→ **WHAT THE EXERCISE ASKS**: Wherever a picture appears in the listing, leave it out, and copy the rest exactly.

→ **STORED DATA**:

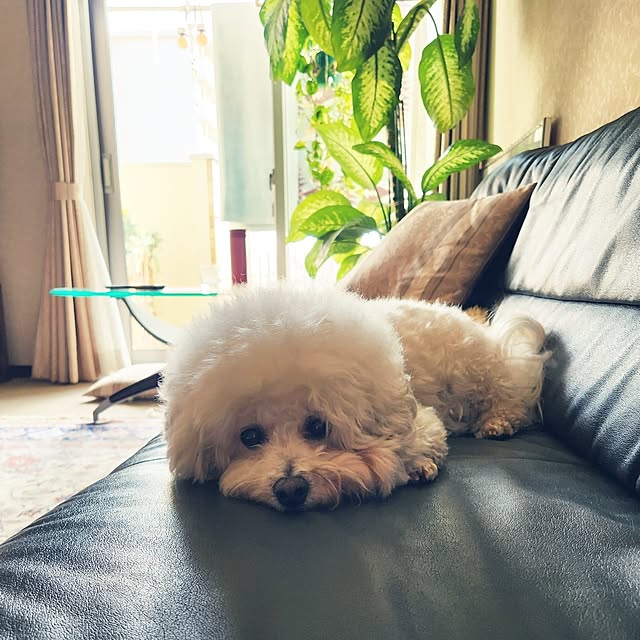 takoさんの実例写真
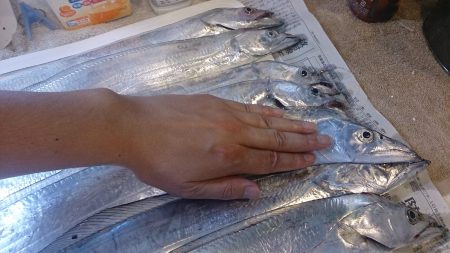 タチウオシーズン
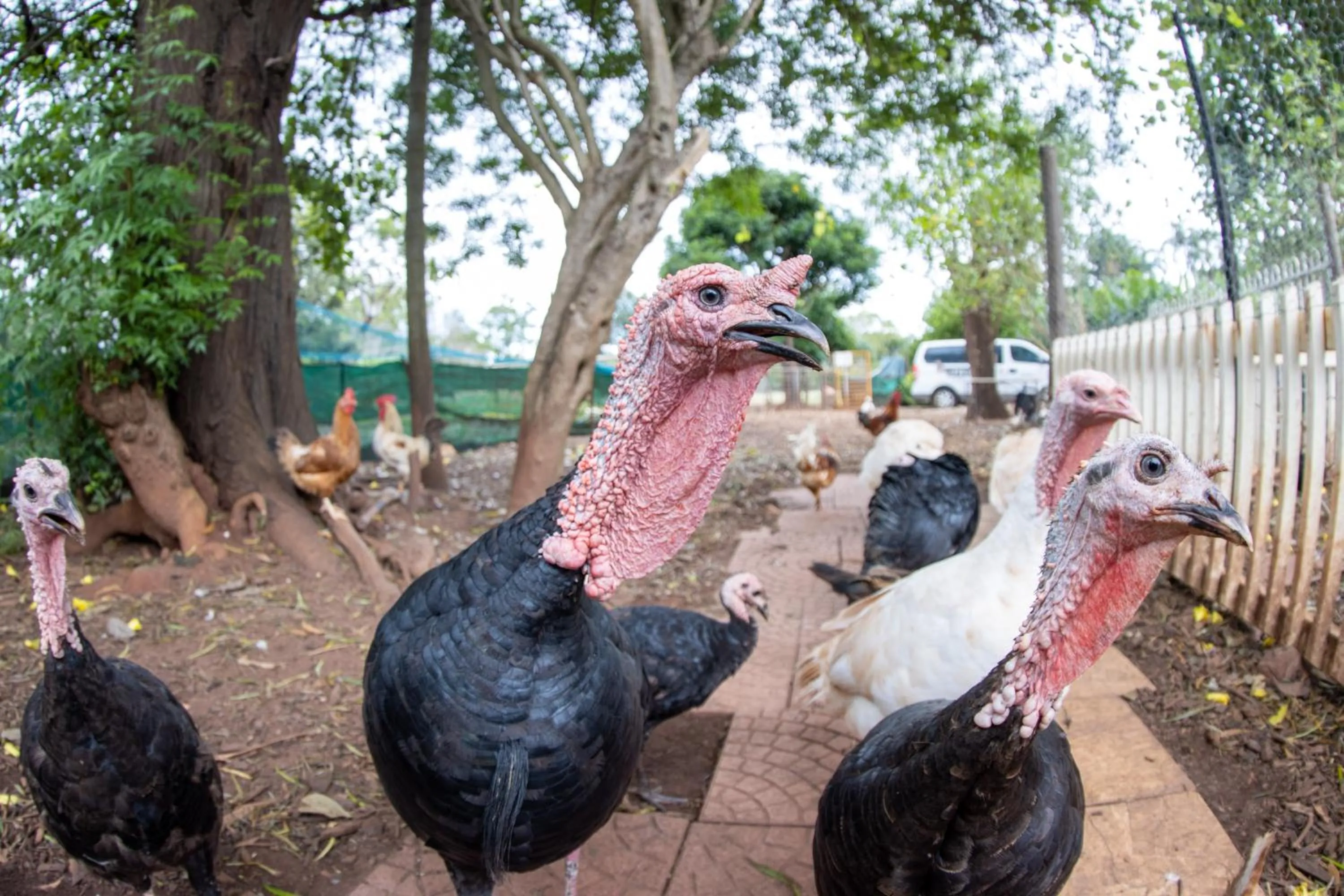 Animals in Batchelor Butterfly Farm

→ **RESPONSE TO THIS EXERCISE**:
 takoさんの実例写真
 タチウオシーズン
 Animals in Batchelor Butterfly Farm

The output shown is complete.